Short descriptive text snippets:
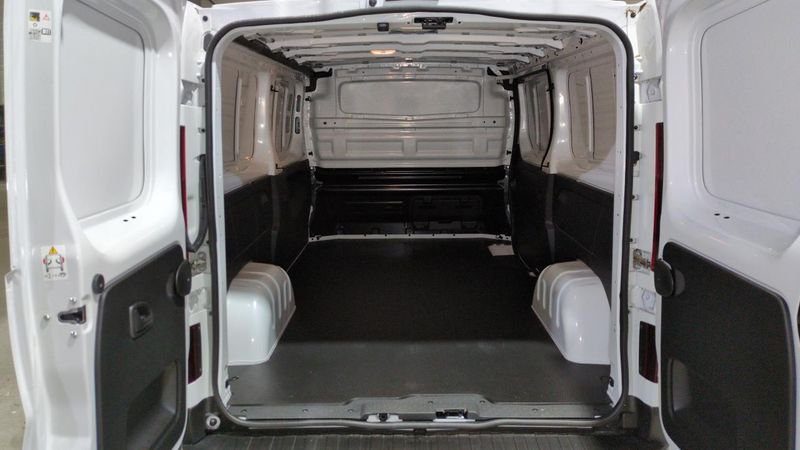 Renault Trafic fourgon nouveau L2h1 3t blue dci 170 auto extra + plancher bois + radars av
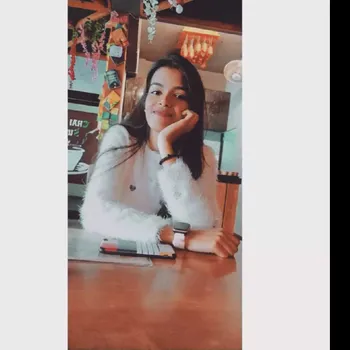 Anamika Singh  - Best Home Tutor in Azad Nagar, Kanpur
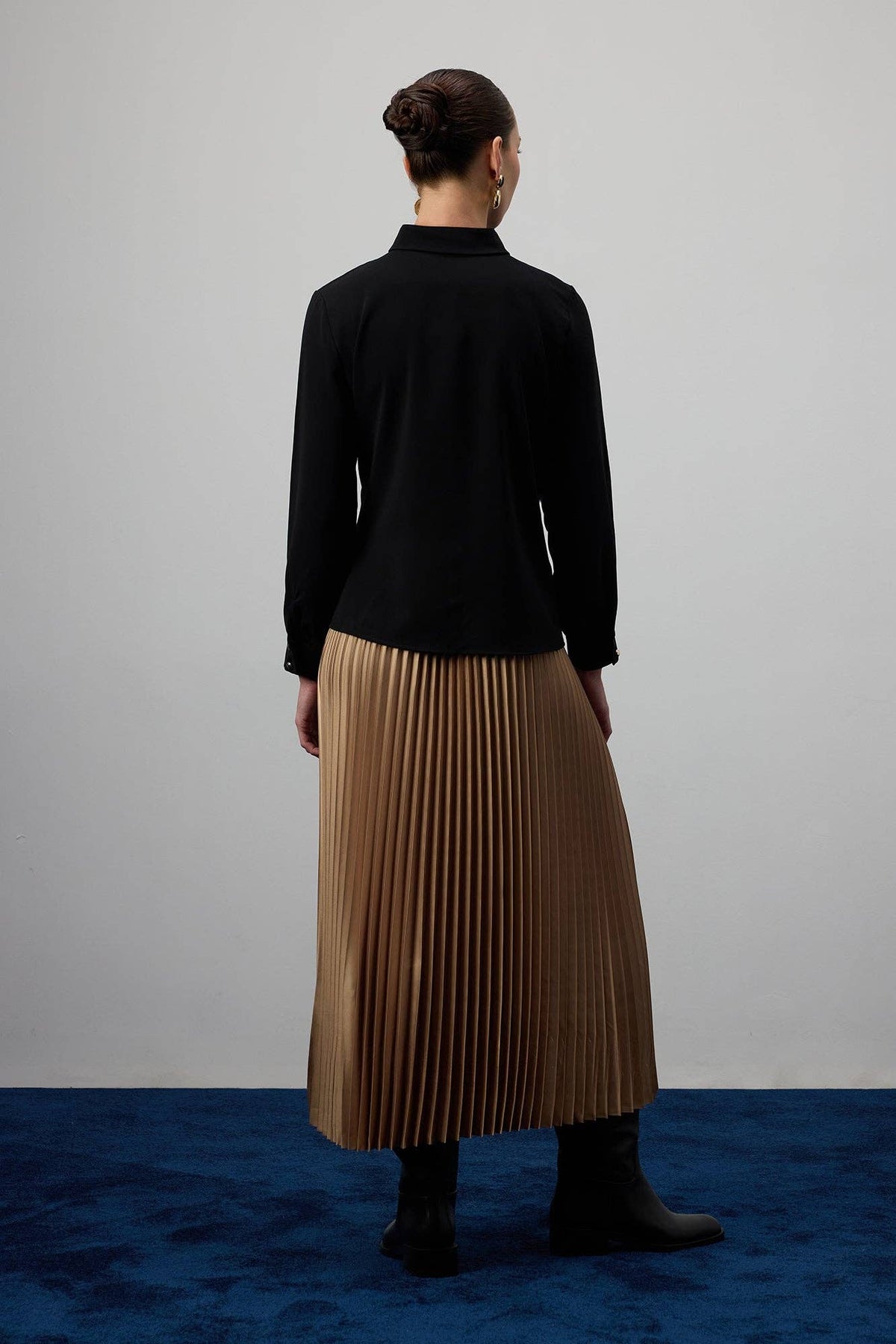 Joan Front Tie Shirt / Black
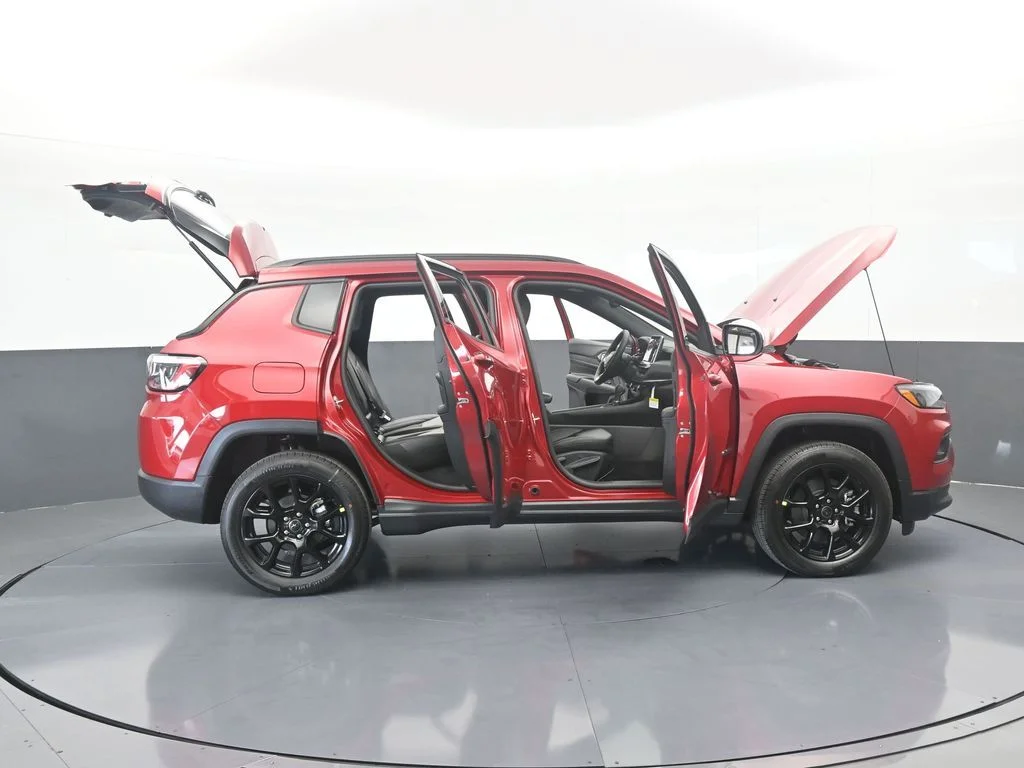 New 2026 Red Hot Pearlcoat Jeep Latitude image 65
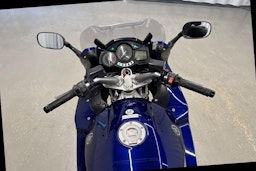 sininen Yamaha FJR 2004 kuva 9.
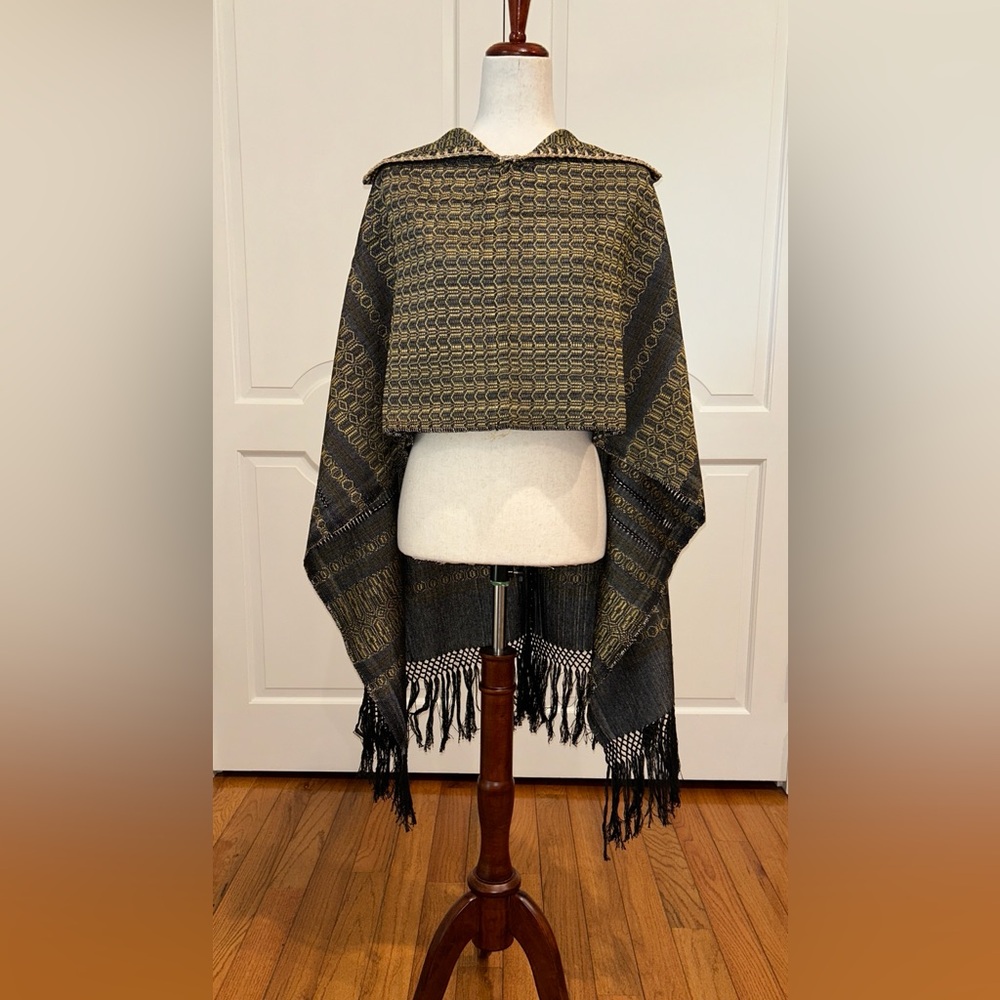 Traditional Mexican rebozo from Oaxaca. Mexican shawl. Rebozo Fringed vest.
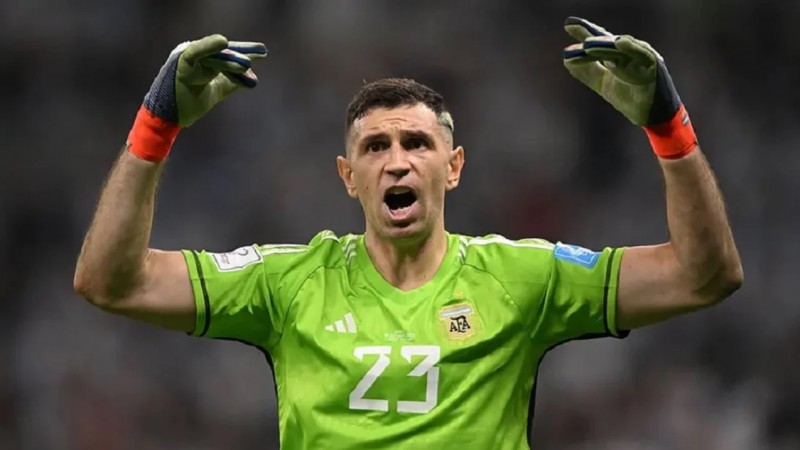 Dibu Martínez vuelve a la Selección y Scaloni sorprende con nuevas convocatorias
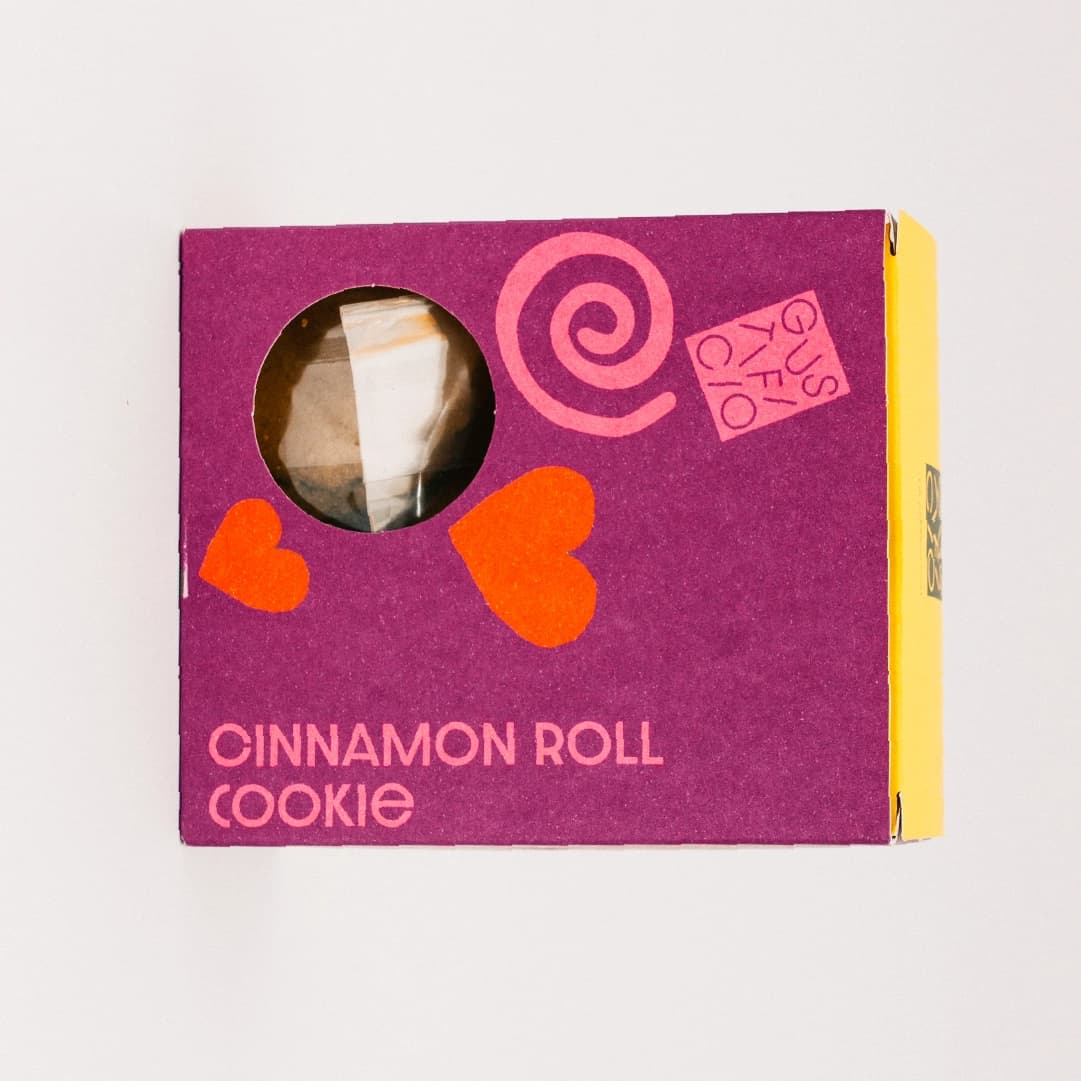 Cinnamon roll cookie al caramello speziato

Description of the task =>
Once the line containing "Traditional Mexican rebozo" is found, transcribe it and every line after it to the end of the records, exactly and with no pictures.

Result for this task =>
 Traditional Mexican rebozo from Oaxaca. Mexican shawl. Rebozo Fringed vest.
 Dibu Martínez vuelve a la Selección y Scaloni sorprende con nuevas convocatorias
 Cinnamon roll cookie al caramello speziato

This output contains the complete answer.